Dan Dee Deep Water Technique


I fished with Dan Dee this cloudy morning on San Luis Reservoir. Dan spends his summers at his Montana Estate on the Madison River and his winters fishing for stripers in the lakes around San Diego. He showed me an interesting way to catch deep water stripers with flies. He uses full sinking lines– The Air Flow Sixth Sense SS-DL-WF S7 lines followed by 60 feet of amnesia shooting line tied to the backing. In the lakes around San Diego, they troll size 1 unweighted marabou flies with a hint of orange in the wing.

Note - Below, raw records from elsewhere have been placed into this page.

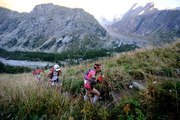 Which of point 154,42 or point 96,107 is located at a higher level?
point 154,42

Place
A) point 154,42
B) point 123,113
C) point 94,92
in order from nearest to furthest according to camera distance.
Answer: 1. point 123,113
2. point 94,92
3. point 154,42

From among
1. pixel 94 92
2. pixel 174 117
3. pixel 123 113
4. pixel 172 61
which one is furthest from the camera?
pixel 172 61

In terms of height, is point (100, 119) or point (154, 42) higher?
point (154, 42)

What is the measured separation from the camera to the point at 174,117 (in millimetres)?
4184

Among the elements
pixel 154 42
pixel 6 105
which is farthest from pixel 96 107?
pixel 154 42

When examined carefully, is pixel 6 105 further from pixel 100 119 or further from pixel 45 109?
pixel 100 119

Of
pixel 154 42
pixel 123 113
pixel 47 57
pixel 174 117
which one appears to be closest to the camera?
pixel 174 117

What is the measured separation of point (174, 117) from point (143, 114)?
0.62 meters

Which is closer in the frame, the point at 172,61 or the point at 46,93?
the point at 46,93

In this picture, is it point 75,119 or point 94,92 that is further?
point 94,92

The water temp was 53 and there was a cold wind on the lake about 6mph. We landed most our fish in the early morning at daybreak. I had no idea that even cold mornings can be productive right at daybreak. I guess no more sleeping in for me . But, it also means I can come home early. When casting the shore got slow, we headed out to the deep water following the fish. In 70 feet of water, we started trolling flies around 2-5 MPH until we spotted fish at 30-40 feet. Dan let out all the fly line plus about 45 feet of Amnesia shooting line out behind the boat. I let out the equal amount of backing but his angles in the water looked better with the same lines.  The flies were at 30 feet.   I think that amnesia cuts the water better. Whe would troll till we spot fish,  troll about 150 feet past at 1mph  and then stop the motor letting the lines sink. Then we retrieve and jig the flies back to the boat. It works pretty good on big schools of deep fish. We ended up with 4 fish in the deep water.  Dans lakes in San Diego are rarely deeper than 50 feet,  but Ive seen Large schools of San Luis stripers at 40 to 60 feet.  Also,  Ive done well at San Luis spotting deep schools a stripers and dropping a weighted 1 oz feather jig down to them and jigging with a baitcaster.  The ability to get a fly down to 40-50 feet in a moving boat really fast would be awesome.  There are articles on the internet about fishing for stripers with flies at 60 feet in the ocean in a stationary boat.  Fly anglers would mend out 100 grains of flyline and another 100 feet of shooting line to drift with the tide jigging an eel fly at 50-60 feet back up through the water table.  This could be a good idea at San Luis near the trash racks where the depth is 100 feet with fish metering on the bottom!

Thinking about the heaviest fly line for the deepest fishing, I cant help remembering those old discontinued RIO 30ft tungsten dredger 1150 grain shooting heads.   They were 10x heavier than a 10 wgt fly line. I recently acquired a Helios 10 wgt for Redfishing and I think Im going to rig it up with a  50 foot head of T-20, which is 1,000 grains and  attatch 100 feet of   50 pound RIO Slick Shooter.   This combination should  get those flies down to fifty feet depending on the speed of the troll.  While this might not be the best casting fly line I have ever used, its effectiveness at fishing depths of over 40 feet for San Luis Stripers will certainly outweigh  its awkward casting (if even possible!).  The 10 Weight Helios II will at least be the lightest 10 weight on the market and should be easier to fish all day when those stripers head for the depths.